Legal advice. We’ve all needed it at one point in our lives, and the complexity of the law often requires a professional to take the reigns.
The wonderful attorneys at Gillespie, Shields, Durrant & Goldfarb in Phoenix addressed some of the common questions they get asked for our readers in this new series of weekly articles.
Gillespie, Shields, Durrant & Goldfarb are proud sponsors of SmartFem
Mark Shields has been with Gillespie, Shields & Durrant since 1996, and practices in family law. He also has extensive experience in civil litigation, employment law, juvenile law, and insurance disputes.

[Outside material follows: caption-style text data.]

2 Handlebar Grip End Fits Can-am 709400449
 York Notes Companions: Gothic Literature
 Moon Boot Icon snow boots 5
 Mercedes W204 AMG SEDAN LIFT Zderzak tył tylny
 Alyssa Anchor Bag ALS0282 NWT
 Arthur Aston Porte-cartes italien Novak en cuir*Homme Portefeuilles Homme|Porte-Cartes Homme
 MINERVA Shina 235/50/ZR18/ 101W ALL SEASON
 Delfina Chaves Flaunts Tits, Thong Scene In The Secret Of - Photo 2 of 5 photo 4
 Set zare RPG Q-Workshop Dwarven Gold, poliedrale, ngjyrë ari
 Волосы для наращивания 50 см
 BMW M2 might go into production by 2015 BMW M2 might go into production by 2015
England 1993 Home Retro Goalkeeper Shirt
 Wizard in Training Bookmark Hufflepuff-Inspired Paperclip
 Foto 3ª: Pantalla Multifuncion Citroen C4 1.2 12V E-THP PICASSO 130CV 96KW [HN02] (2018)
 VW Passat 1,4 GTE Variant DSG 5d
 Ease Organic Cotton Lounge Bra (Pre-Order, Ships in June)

Shields is also one of the top family law appellate lawyers in Arizona and has been successful in numerous high profile cases which helped shaped Arizona law.
When a couple decides to enter into a marriage the decision to draw up a prenuptial agreement is sometimes placed on the table.
Shields said a prenup is most common in cases of second marriages where one party is entering the marriage with an estate built up and wants to protect it and ensure it’s passed down to their children only.
But in the age of start-ups and technology sometimes speaking to an attorney is advisable even when nothing has been acquired yet, but the potential to come into wealth is on the horizon.
“If you’re fortunate enough to realize you might need help from a lawyer before you get into a situation, that puts you way ahead of the curve.”
When it comes to family law emotions are high, and sometimes divorce rulings are appealed.
Shields explains the probability of a successful appeal in terms everyone understands, football.
Certain appeals, such as custody determinations, are difficult because the judge has wide discretion. As long as the ruling is within the goal post, the ruling is good. In some cases, like custody determinations, the goal post is wide and low.
“Just about anything the judge does would not be something the court of appeals will likely overturn,” Shields said.
However, in cases of a legal issue such as division of an asset, the goal posts begin to narrow, and a successful appeal is more likely.
One example of a likely appeal is if the judge didn’t set clear deadlines for when child support is due. A court of appeals can overturn a ruling in order to get more strict guidelines.
In many cases education is key, and judges appreciate attorneys like Shields who can provide extensive knowledge of the law in the courtroom.
“Judges want to do the right thing, they take their job very seriously,” Shields said.
Having a skilled attorney like Shields also helps lower the probability for the need to appeal a ruling.
“You have to know the law,” Shields said. “You’ve got to take advantage of the chance to advocate to draw the judge into that issue.”